Rather, we were seeking to build capacity by stabilizing
blocks and promoting home ownership.
We also
stepped up our efforts to encourage more Penn affiliates
to move into the neighborhood. But to make the neighborhood
more attractive to residents, students, and visitors alike,
we needed to provide retail and cultural amenities and
engineer radical improvements in the public schools.
Here
is where we really rolled the dice. We resolved to plan
and build a public school, and we chose to undertake two
large-scale mixed-use retail development projects in hopes
that major anchors would bring other shops, restaurants,
theaters, private investment, and private development to
University City.
University Square,
looking north at 36th & Walnut
Retail
Development
Let
me first talk about Penn's excellent adventure in urban
retail development. Along one largely deserted stretch
on Walnut Street, we built a 300,000-square-foot project
that included a luxury hotel, a beautiful new Penn bookstore,
public plazas, and a raft of stores and restaurants. At
the periphery of the campus at 40th and Walnut, we bought
out the lease of a Burger King to make way for a 75,000-square-foot
project that would create true convergences between town
and gown. This project entailed two critical amenities
that we gambled would breathe new life into 40th Street:
A fabulous movie theater and an equally fabulous grocery
store. We assumed all of the risks, and encountered our
share of obstacles.
Penn
had inked a deal with Robert Redford and Sundance Cinemas
in 1998 to build the movie theater. It would show independent
and experimental films and feature an art gallery and cafe,
a video library, community meeting spaces, and perhaps
a jazz club. Across the street would be a multi-story parking
garage atop an innovative new supermarket, Freshgrocer.
Construction
was proceeding apace two years later when the parent company,
General Cinema, filed for bankruptcy and pulled the plug
on the Sundance Theater project. Just like that, a critical
project had stalled, and my lunches with Robert Redford
came to an untimely end.
Understandably,
some admonished Penn for biting off more than it could
chew, and counseled us to suspend the search for another
partner. But others lobbied to go the extra mile to sign
a deal with another chain that had shown some interest
in the project.
True,
it wasn't easy convincing the Trustees or me to spend more
money to seal the deal with National Amusements. But at
the end of the day, and less than two years after the Sundance
project collapsed, the Bridge Cinema de Lux--a sensational
state-of-the-art movie theater complex--opened to rave reviews
at 40th and Walnut. The Bridge attracts 500,000 patrons
a year, and if you were to visit the Freshgrocer at 10
p.m. or even 2 a.m., you would see throngs of students
and neighborhood residents shopping, noshing, and schmoozing
together--all indications of a healthy city neighborhood,
as Jane Jacobs envisioned.
All
told, scores of new shops that run the gamut are opening
throughout the neighborhood. And a commercial corridor
given up for dead now bustles with art galleries, performance
spaces, and an international restaurant row that reflects
the dynamic cultural diversity of University City. Thousands
of people--from the Penn community, from the neighborhood,
from all over the region--are flocking to shops, restaurants,
and cultural venues that came into being as a direct result
of Penn's decision to redevelop a dying commercial core
into a thriving, productive asset.
Having
large crowds on the streets has made the neighborhood safer
and much more exciting. It's been a shot in the arm for
the local economy. And it's made University City very attractive
to outside private developers.
Penn's
investments proved to be the catalyst for attracting approximately
250 million more of private investment dollars to West
Philadelphia. Now, we have partners like developer Carl
Dranoff, who invested $55 million to convert a former 700,000
square-foot industrial warehouse into the Left Bank, a
mixed-use complex featuring 282 market rate apartments,
new shops and restaurants, a child day-care facility, and
brilliantly redesigned office space.
The
Left Bank is a perfect model of creative reuse of historic,
fallow properties that can transform a neighborhood, and
Dranoff Properties is now one of two lead partners in redeveloping
two contiguous buildings.
But
this isn't just about building and attracting amenities.
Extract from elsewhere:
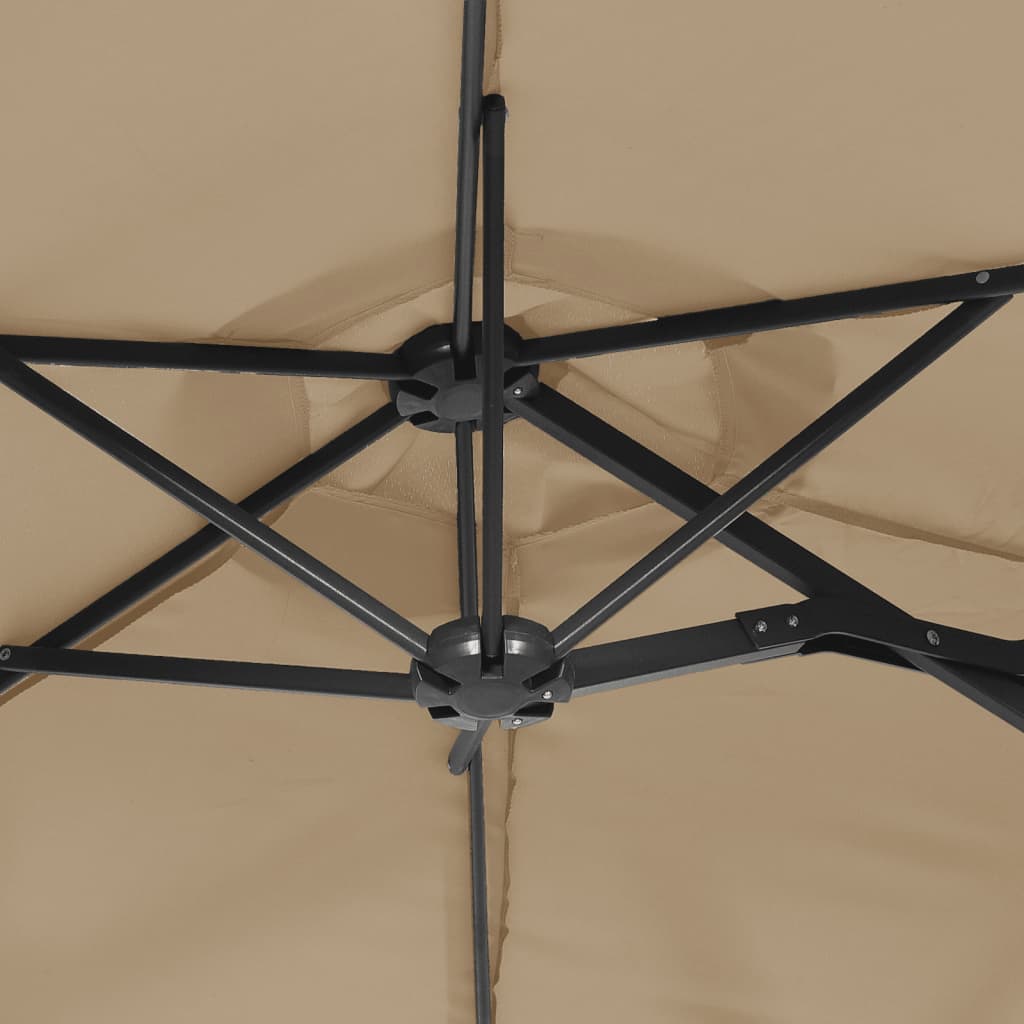 Double-Head Parasol with LEDs Taupe 316x240 cm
This is also about building sustainable economic capacity
back into the neighborhood by providing new opportunities
for local businesses and job growth among neighborhood
residents.
As
I mentioned earlier, historically, only a small portion
of
Penn's purchases benefited local businesses. So we asked
ourselves, "Why not deploy our purchasing more strategically?" We
required that our construction projects create substantial
access for women and minorities to the trades. We invested
in small businesses that created opportunity for welfare-to-work
recipients and other members of our local community. And
we redirected a portion of our purchases toward West Philadelphia
vendors.
In seven
years, we have purchased $300 million in goods and services
from local businesses. And we are receiving incredible
service.
All
told, these interventions have been remarkably effective
in revitalizing the neighborhood. Over a seven-year period,
crime has fallen 31 percent. We've added more than 150,000
square feet of new retail inventory, with 25 new stores
opening over the past four years. We've encouraged the
creation of thousands of new jobs for local residents.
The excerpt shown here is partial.